Infinitesimal bialgebras, pre-Lie and dendriform algebras

TL;DR

This paper explores the structure of infinitesimal bialgebras, introducing related categories and showing how to derive pre-Lie and dendriform algebras, with applications to quivers and endomorphisms, and extends these concepts to bimodules.

Contribution

It introduces categories of modules over infinitesimal bialgebras and constructs new algebraic structures like pre-Lie, dendriform, and brace algebras from them.

Findings

Pre-Lie algebra can be constructed from any infinitesimal bialgebra.

A dendriform structure arises on endomorphisms of an infinitesimal bialgebra.

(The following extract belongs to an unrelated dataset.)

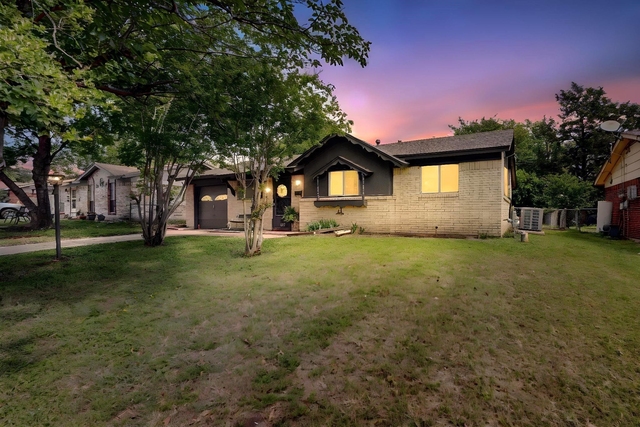 304 Nw Summercrest Boulevard - Photo 1
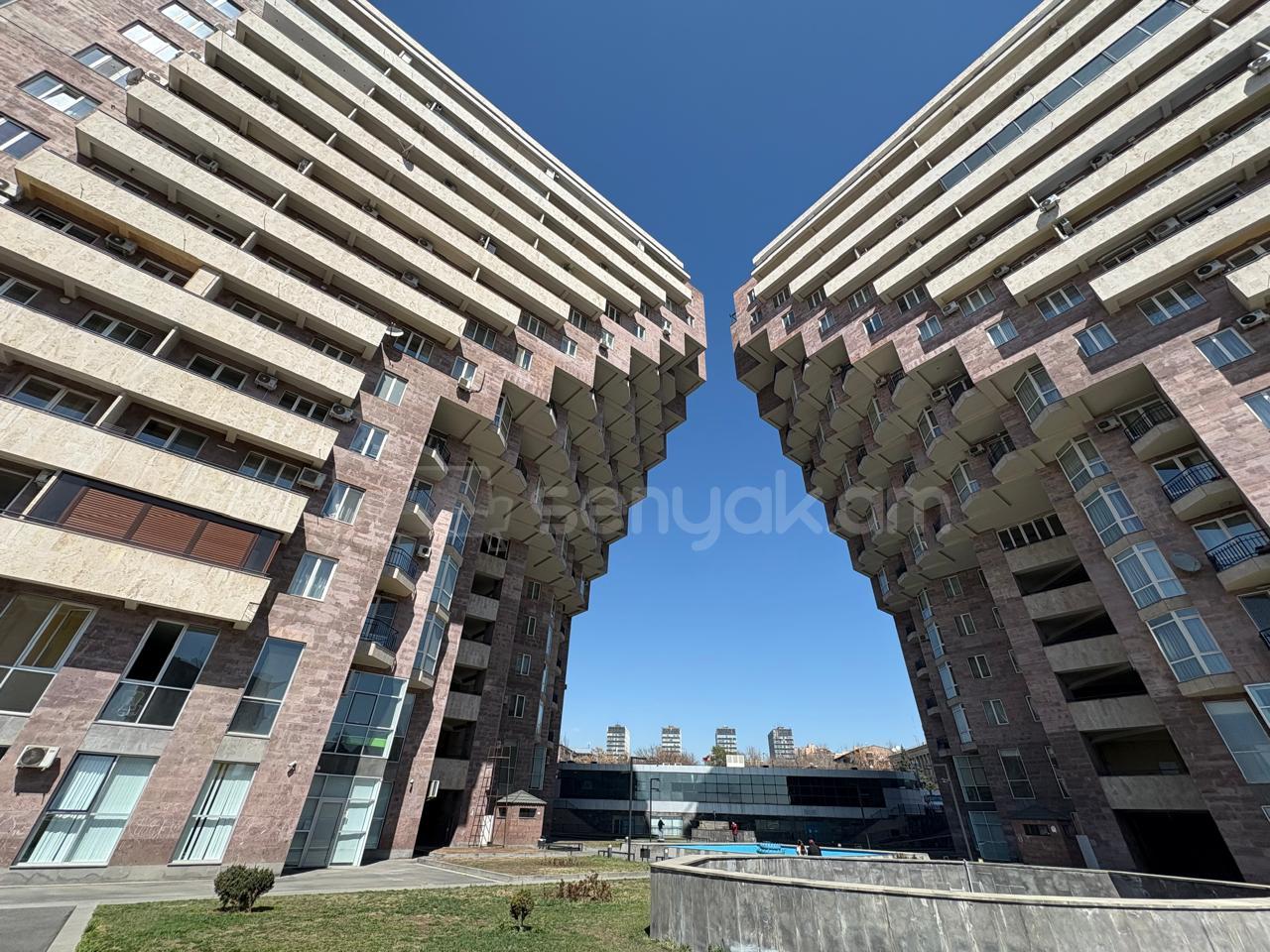 2 Սենյականոց Բնակարան Նորակառույցում, 76քմ, 12/16 հարկ, Դիզայներական Վերանորոգված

A pre-Lie structure is found on the space of paths on any quiver.

Abstract

We introduce the categories of infinitesimal Hopf modules and bimodules over an infinitesimal bialgebra. We show that they correspond to modules and bimodules over the infinitesimal version of the double. We show that there is a natural, but non-obvious way to construct a pre-Lie algebra from an arbitrary infinitesimal bialgebra and a dendriform algebra from a quasitriangular infinitesimal bialgebra. As consequences, we obtain a pre-Lie structure on the space of paths on an arbitrary quiver, and a striking dendriform structure on the space of endomorphisms of an arbitrary infinitesimal bialgebra, which combines the convolution and composition products. We extend the previous constructions to the categories of Hopf, pre-Lie and dendriform bimodules. We construct a brace algebra structure from an arbitrary infinitesimal bialgebra; this refines the pre-Lie algebra construction. In two appendices, we show that infinitesimal bialgebras are comonoid objects in a certain monoidal category and discuss a related construction for counital infinitesimal bialgebras.